Den einen ist das Schulessen zu teuer, den anderen zu ungesund. Ernährungsministerin Klöckner meint, sie hätte die Lösung gefunden - aber ihre Rechnung geht nicht auf.

Kommentar von Larissa Holzki

Vier Cent sollen den Unterschied auf dem Teller machen: Mit dieser Aussage überrascht heute die Ernährungsministerin Julia Klöckner. Für nur vier Cent mehr pro Schüler, sagt sie, gibt es ein gesünderes Schulessen. Das ist zunächst mal eine gute Nachricht. Denn klar ist: Ein besseres Schulessen wollen alle. Und wer sein Kind in eine Ganztagsschule geben will oder muss, der muss auch davon ausgehen können, dass es dort satt und gut gestärkt wird. Allein: Für vier Cent mehr wird das nicht machbar sein.

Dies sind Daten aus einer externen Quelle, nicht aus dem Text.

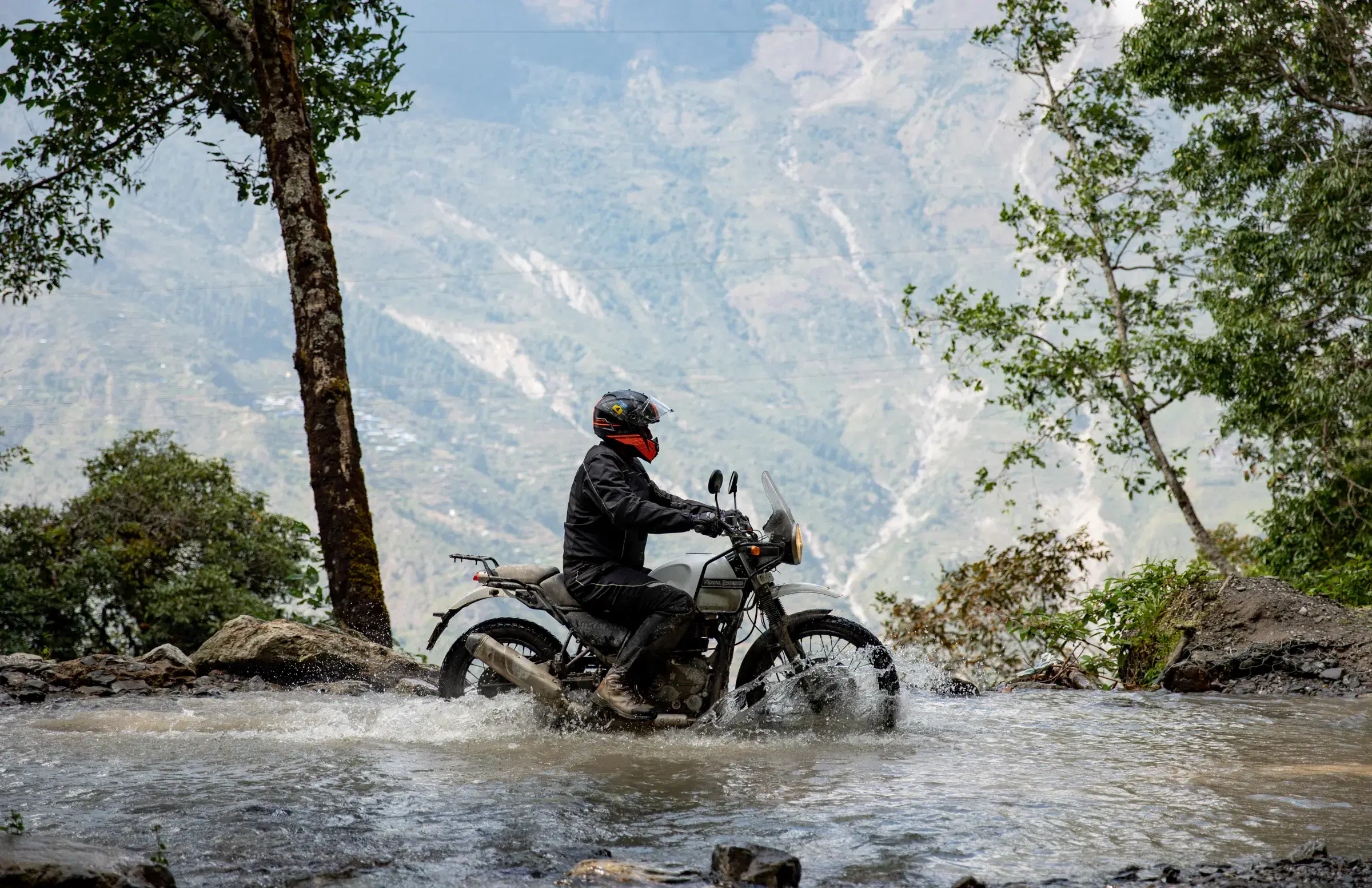 Outdoor scene featuring people, rocky terrain, a built structure, and cloudy sky.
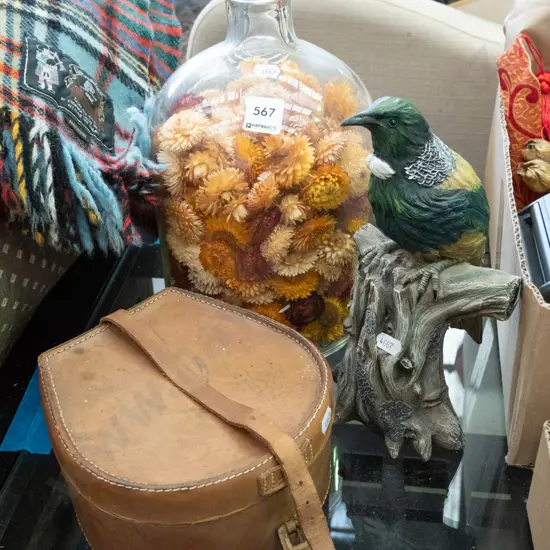 large glass vase and dried flowers, composite tui on branch, collar box
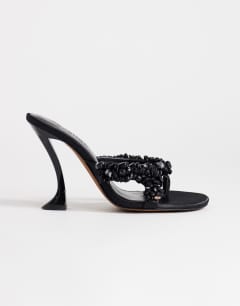 Model wearing Natasha embellished mule high heeled sandal in black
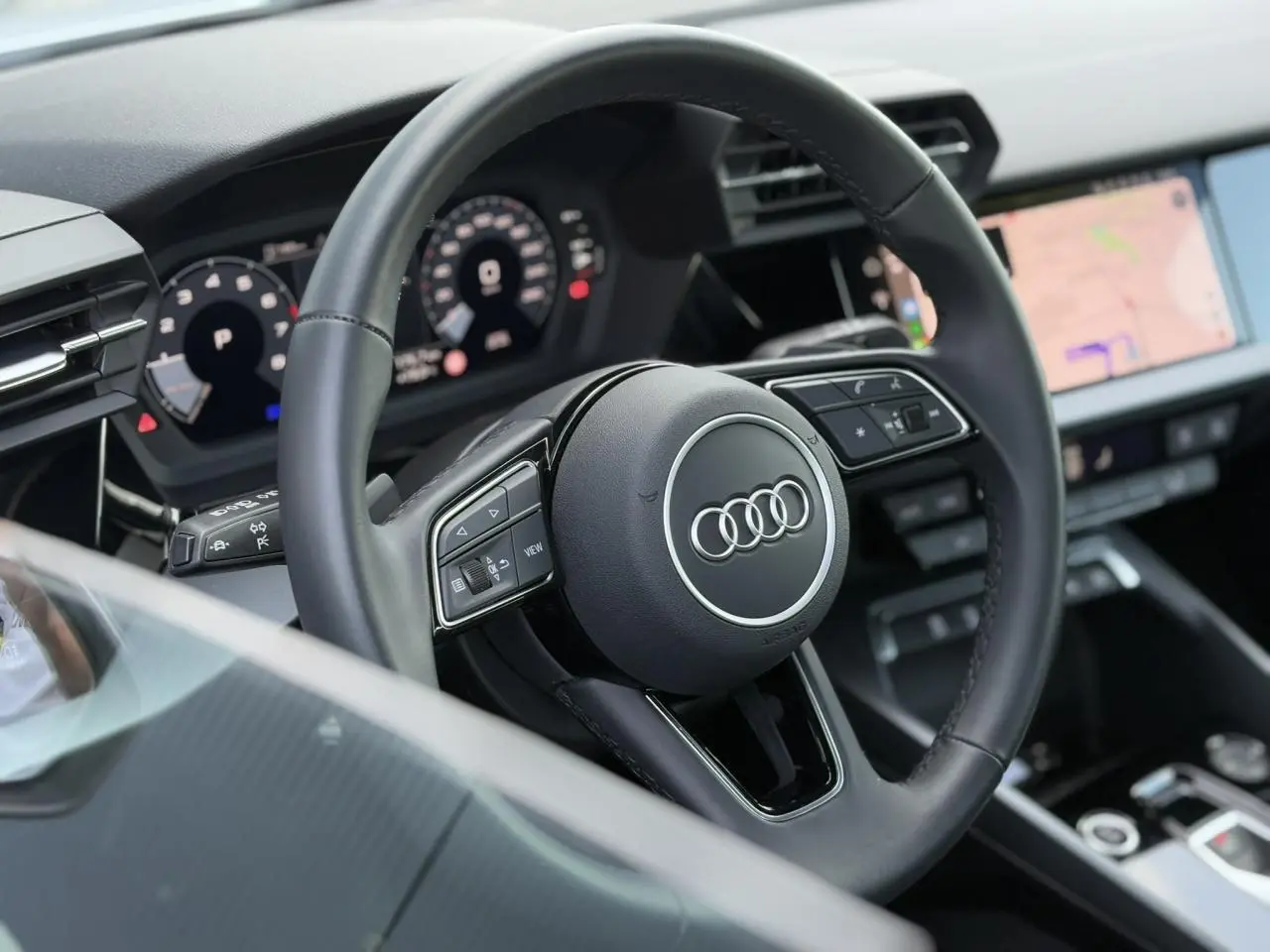 Vue rapprochée du volant cuir noir multifonctions de l'Audi A3 Sportback 2024 avec tableau de bord numérique et écran tactile.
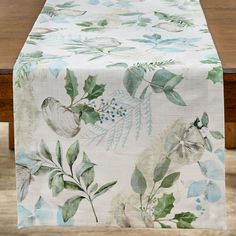 an image of a table cloth with leaves and flowers on it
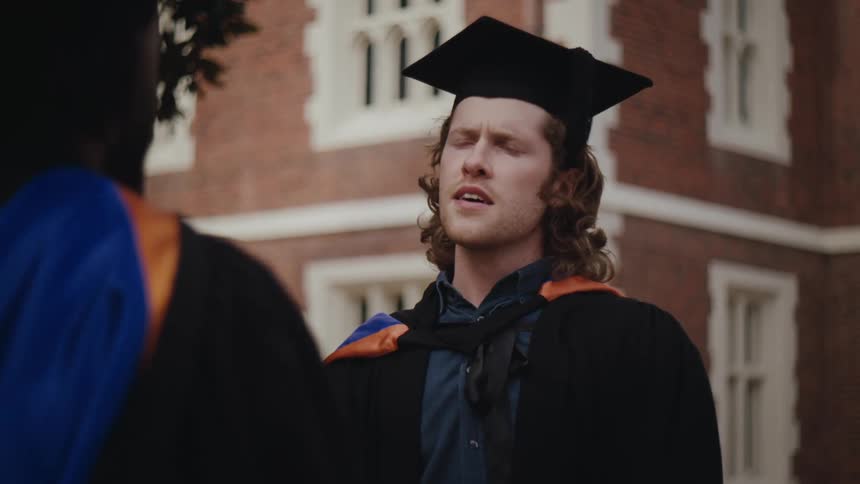 A young man and woman in graduation caps and gowns talk to each other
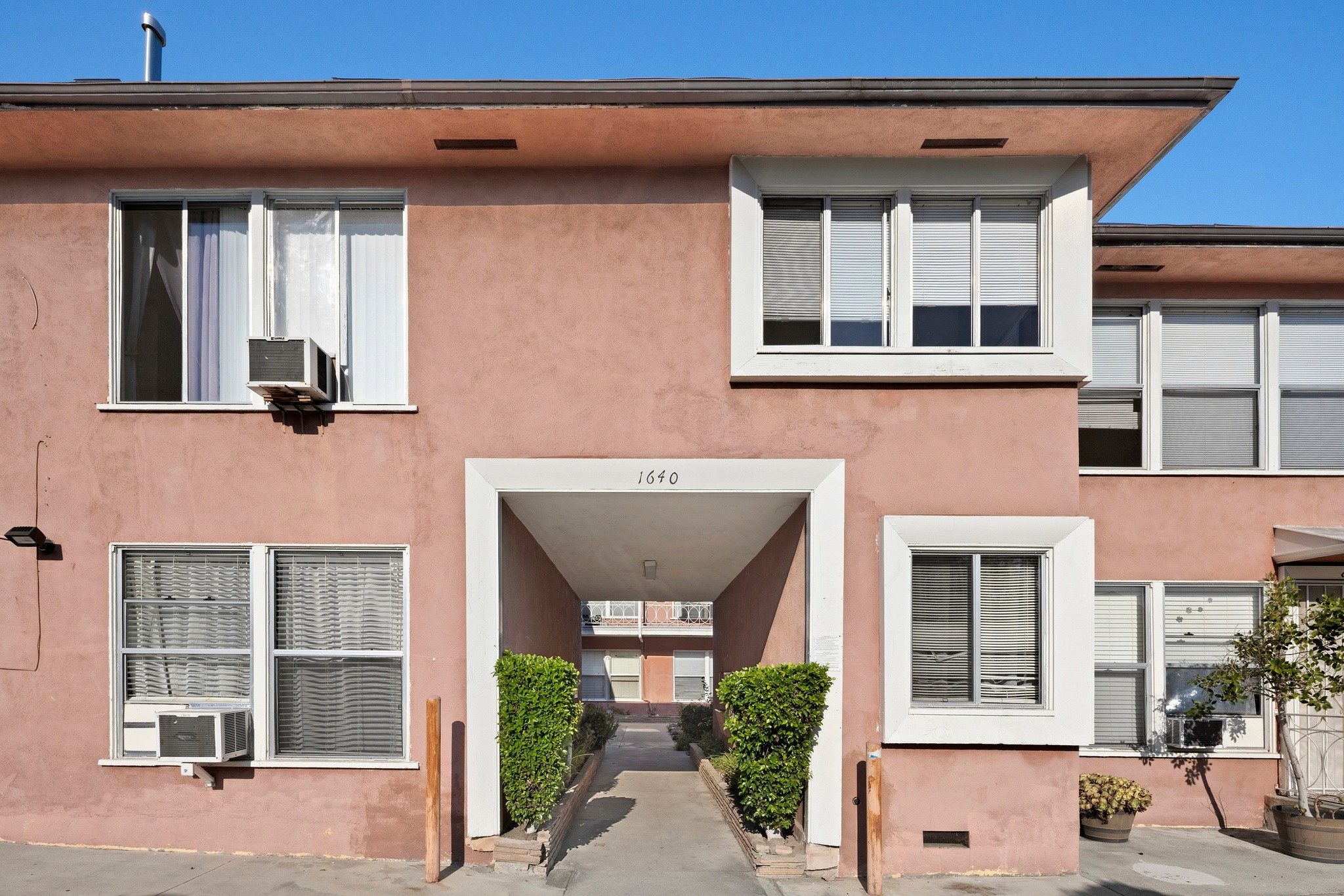 1640 N Harvard building entrance with address number 1640, white trim, peach exterior, and landscaping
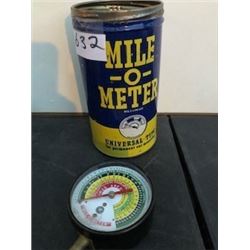 MILE-O-METER TIN AND VACCUM GUAGE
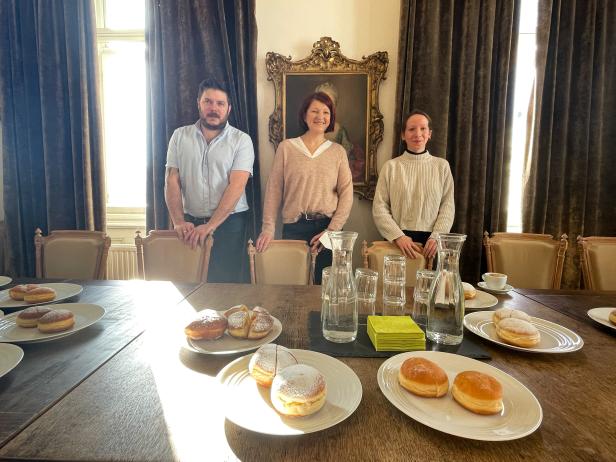 Drei Personen stehen hinter einem Tisch mit Krapfen und Getränken.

Die Studie, die Klöckners Ministerium in Auftrag gegeben hat, knöpft sich das Totschlagargument in jedem Streit um das Schulessen vor. Wann immer sich Eltern über Kartoffelsalat aus dem Industrieeimer und fettige Pommes beschweren, kommt einer, der sagt: Für 3,50 Euro bekommt man eben kein Gourmetessen. 3,50 Euro kostet ein Schulessen durchschnittlich - und viel mehr darf es auch nicht sein, wenn sich die gesellschaftliche Spaltung in Arm und Reich, in gesund und ungesund ernährt nicht an der Kantinenschlange manifestieren soll.

Klöckners Antwort auf die Debatte ist also: Es geht doch. Vier Cent mehr, das scheint machbar. Man muss sich die Rechnung aber genauer ansehen. Das geht mit der Frage los, was ein gesundes Schulessen eigentlich ausmacht. Über dessen Qualität entscheiden in Deutschland die Standards der Deutschen Gesellschaft für Ernährung. Ein Schulessen ist demnach gut, wenn es mindestens einmal in der Woche Kabeljau, Seelachs, Hering oder Makrele gibt. Auf dem Speiseplan sollen außerdem häufig Bohnen, Brokkoli, Zucchini, Wirsing und Weißkohl stehen. Und wenn schon Nudeln, dann wenigstens Vollkorn. Das klingt gesund. Ob die Kinder das essen werden, ist eine andere Frage.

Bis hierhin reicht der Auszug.